Who sets the web standards?
Standards for the web are set by the World Wide Web Consortium www.w3c.org. Essentially the W3C set standards for both the webpages that make up the internet, and the web browsers used to view those pages. Websites and browsers that meet the standards are often described as compliant.
Why does meeting the W3C standards matter?
- If you do not meet the standards then:
- you have no guarantee what your website will look like to visitors;
- your website may be unusable in some web browsers;
- your website may become unusable to visitors after a browser is updated to a new release;
- Users who use add-ins to help them surf the web may not be able to view your site.
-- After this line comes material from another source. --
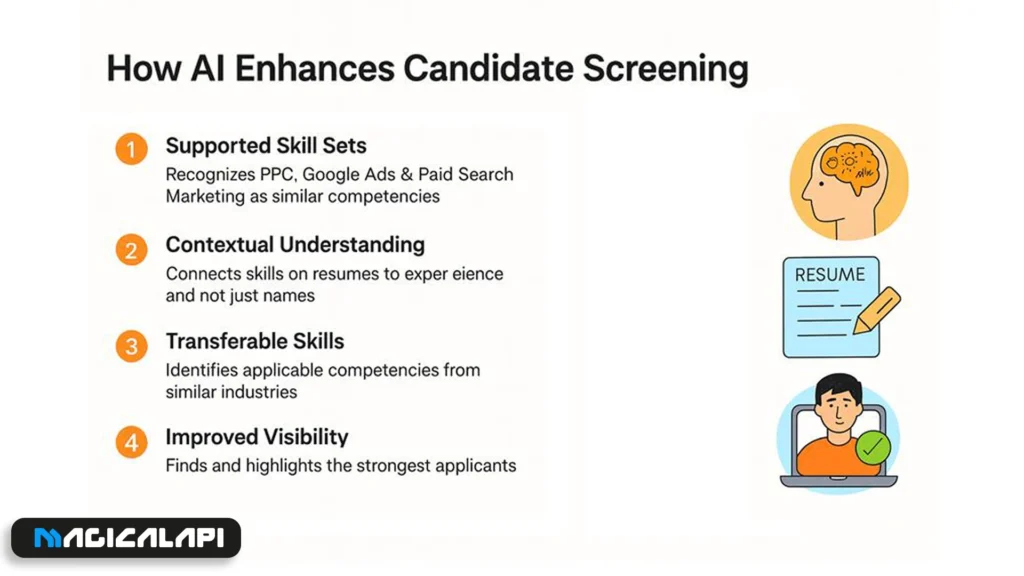 How AI ATS Improves Candidate Screening and Matching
We have seen the look of horror on the faces of some website owners when they realise just what unusable means in practise. Meeting standards really does matter, and this does not include any legal obligation that organisations may also be under to ensure accessibility of information to all users.
How do I Check for W3C compliance?
If you visit the W3C website, you will find much technical information that may seem rather obscure to you. Fortunately a series of free tools are available to check compliance are also on the site. The Unicorn validator integrates all the checks into a single tool. You can check any website, so be nosey and check out sites large and small.
Getting and keeping a website free from errors takes effort. For the stand alone website, every update is a potential source of errors and a check for compliance should be made after every update.
If the site is built using a CMS, then some effort will probably be needed as the site is set up to ensure that there are no errors, (probably self induced), and that the site is fully compliant. Once full compliance had been achieved then then most potential errors will be automatically captured and corrected as each piece of new content is added.